Box store melamine @$30 per sheet vs box store 1/2 maple or birch ply @ $45 a sheet.


----------



## Pineknot_86 (Feb 19, 2016)

I sold custom and factory cabinetry for about 3 years. Particle board is not waterproof. The material used for cabinetry is called engineered board which is used for a lot of cabinetry. With all that, use a good grade of plywood or the melamine as suggested. Like to see photos of the finished project.


----------



## PPBART (Oct 7, 2011)

I recently built a complete kitchen and bathroom cabinets for our condo -- no particleboard (period!), just birch plywood with solid wood face frames.


----------



## _Ogre (Feb 1, 2013)

pro70z28 said:


> Higher end houses don't always have higher end materials.

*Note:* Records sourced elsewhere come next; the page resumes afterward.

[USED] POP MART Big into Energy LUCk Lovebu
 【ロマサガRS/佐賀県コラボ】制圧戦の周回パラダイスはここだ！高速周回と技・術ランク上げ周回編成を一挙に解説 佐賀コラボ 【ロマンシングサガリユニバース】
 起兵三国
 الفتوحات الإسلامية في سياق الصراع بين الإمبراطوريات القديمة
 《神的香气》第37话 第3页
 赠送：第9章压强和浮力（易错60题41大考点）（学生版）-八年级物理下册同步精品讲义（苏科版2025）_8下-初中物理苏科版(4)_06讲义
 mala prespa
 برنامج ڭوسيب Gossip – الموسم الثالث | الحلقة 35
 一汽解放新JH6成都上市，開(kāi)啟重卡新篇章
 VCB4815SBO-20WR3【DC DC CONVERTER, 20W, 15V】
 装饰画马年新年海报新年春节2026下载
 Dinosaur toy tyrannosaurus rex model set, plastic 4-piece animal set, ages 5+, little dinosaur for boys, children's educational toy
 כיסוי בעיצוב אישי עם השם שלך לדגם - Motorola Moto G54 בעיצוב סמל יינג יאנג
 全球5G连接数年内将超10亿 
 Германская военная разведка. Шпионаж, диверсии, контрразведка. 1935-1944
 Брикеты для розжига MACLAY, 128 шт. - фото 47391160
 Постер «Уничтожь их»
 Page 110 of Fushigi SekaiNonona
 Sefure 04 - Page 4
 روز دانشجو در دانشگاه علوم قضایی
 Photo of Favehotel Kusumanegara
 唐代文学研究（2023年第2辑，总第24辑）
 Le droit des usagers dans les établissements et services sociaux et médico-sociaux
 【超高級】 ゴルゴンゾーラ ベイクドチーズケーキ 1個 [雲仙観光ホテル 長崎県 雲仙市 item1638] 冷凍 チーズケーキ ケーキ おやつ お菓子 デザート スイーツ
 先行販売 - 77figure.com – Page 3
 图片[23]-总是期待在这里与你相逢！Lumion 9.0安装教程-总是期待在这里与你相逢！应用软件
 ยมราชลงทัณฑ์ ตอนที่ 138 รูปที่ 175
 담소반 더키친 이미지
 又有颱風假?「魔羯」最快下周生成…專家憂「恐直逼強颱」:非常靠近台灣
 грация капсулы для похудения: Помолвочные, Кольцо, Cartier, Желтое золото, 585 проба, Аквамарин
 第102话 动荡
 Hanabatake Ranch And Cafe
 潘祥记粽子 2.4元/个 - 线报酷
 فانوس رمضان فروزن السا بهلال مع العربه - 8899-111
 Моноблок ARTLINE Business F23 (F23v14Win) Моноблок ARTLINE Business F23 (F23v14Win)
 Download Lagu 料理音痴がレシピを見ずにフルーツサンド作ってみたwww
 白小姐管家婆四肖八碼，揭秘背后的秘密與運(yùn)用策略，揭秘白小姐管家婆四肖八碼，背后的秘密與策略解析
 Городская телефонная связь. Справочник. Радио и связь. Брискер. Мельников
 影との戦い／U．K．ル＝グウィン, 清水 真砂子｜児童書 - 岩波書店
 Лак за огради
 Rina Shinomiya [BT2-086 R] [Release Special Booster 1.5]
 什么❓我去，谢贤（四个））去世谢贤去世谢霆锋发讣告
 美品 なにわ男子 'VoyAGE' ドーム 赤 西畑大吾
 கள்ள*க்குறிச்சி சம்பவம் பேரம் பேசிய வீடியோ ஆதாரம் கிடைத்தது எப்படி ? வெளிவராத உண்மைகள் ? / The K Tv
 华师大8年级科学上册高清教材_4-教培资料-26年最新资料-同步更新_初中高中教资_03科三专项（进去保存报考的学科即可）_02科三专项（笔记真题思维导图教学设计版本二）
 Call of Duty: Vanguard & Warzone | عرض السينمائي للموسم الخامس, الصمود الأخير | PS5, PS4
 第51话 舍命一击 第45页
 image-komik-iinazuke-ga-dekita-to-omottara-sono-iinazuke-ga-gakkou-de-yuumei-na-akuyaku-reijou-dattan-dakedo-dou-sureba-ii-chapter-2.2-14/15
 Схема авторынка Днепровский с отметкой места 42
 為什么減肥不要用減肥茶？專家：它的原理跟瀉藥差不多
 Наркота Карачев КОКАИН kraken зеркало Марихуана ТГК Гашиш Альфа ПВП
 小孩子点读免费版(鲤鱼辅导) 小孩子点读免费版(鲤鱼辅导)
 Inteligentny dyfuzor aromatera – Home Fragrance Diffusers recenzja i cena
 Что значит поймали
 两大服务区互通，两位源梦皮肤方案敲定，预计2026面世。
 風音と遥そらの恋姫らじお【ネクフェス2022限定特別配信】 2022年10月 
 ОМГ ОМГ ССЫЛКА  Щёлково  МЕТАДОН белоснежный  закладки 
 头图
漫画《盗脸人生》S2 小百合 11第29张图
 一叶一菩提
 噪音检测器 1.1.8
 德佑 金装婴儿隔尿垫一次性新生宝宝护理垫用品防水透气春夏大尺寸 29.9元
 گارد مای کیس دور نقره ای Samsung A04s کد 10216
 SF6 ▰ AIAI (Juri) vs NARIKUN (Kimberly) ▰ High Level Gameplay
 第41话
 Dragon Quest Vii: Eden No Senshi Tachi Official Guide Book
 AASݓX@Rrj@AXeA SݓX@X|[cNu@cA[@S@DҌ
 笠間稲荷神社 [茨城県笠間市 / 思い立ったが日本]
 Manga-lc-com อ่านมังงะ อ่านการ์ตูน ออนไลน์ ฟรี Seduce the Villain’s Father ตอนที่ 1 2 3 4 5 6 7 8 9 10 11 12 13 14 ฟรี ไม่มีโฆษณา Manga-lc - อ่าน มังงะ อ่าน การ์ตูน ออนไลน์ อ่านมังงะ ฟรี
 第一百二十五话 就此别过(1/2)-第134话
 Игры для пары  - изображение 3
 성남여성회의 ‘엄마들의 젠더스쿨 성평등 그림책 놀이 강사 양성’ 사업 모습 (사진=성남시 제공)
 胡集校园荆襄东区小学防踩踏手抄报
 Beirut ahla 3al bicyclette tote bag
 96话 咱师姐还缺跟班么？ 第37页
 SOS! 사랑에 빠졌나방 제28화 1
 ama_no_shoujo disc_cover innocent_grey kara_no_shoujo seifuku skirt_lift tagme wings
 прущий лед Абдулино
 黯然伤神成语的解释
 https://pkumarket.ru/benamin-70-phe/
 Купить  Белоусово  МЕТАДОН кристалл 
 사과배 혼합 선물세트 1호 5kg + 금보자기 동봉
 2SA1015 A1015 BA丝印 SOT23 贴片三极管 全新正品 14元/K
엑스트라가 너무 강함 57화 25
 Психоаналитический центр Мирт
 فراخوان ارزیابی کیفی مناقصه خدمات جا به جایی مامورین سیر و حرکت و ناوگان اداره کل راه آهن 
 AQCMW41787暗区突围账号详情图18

Around here, supposed high end housing (not always, but many times) can be built pretty shabby.


so true. 20 years ago i bought a home in the boonies, now i'm surrounded by $1M+ subdivisions
fauxstone, sloppy framing under wavy gypboard, mdf trim and off white paint throughout is sop

i didn't build my kitchen cabinets but did pay to upgrade for plywood boxes on my cabinets
particle board has no reason to be around water, most cabinets are around water
kitchen, bath, laundry, etc...


----------



## TimPa (Jan 27, 2010)

aside from the carcass material discussion (I am a 3/4" plywood fan by the way), my opinion is that poplar is a little soft for face frames which are exposed to some banging around. (even) if painting, I would go soft maple.


----------



## Bluenote38 (Nov 27, 2010)

3/4" Cabinet Grade plywood - pre-finished (well worth it) for sides, shelves, and bottoms, 1/2" for top and back. 5/4 Maple for frames and doors even if you are painting. Poplar is too soft to survive dishes pots or whatnot banging into it for very long without showing the wear. If you really want to use poplar and particle board just go buy your cabinets at a "Big Box" It's a lot less painful and much faster though you will probably need to replace/refinish/redo in 10 years.


----------



## WeebyWoodWorker (Jun 11, 2017)

Plywood is almost always better. Lasts longer, looks nicer and at least to me I like working with it better. 



-T


----------



## Catpower (Jan 11, 2016)

I like plywood too, if nothing else MDF is so damned heavy


And some have commented about high end houses, I used to work for a mechanical contractor in the DFW metromess that did many high end houses, some were in the millions, it is in builders blood to use the cheapest thing they can find. I used to be Kohler's factory rep for southern OK and northern Texas. One time I got sent out on a warranty call before the people moved in and was given a punch list of things the new buyers saw and wanted changed. They had paid $1,900,000 for the house. I was working on a "surround" a $60,000 hole in the wall that was a steam room, sauna, whirlpool, and tanning booth, it took a couple hours to run it through the complete cycle and while it was doing that I looked the house over real close.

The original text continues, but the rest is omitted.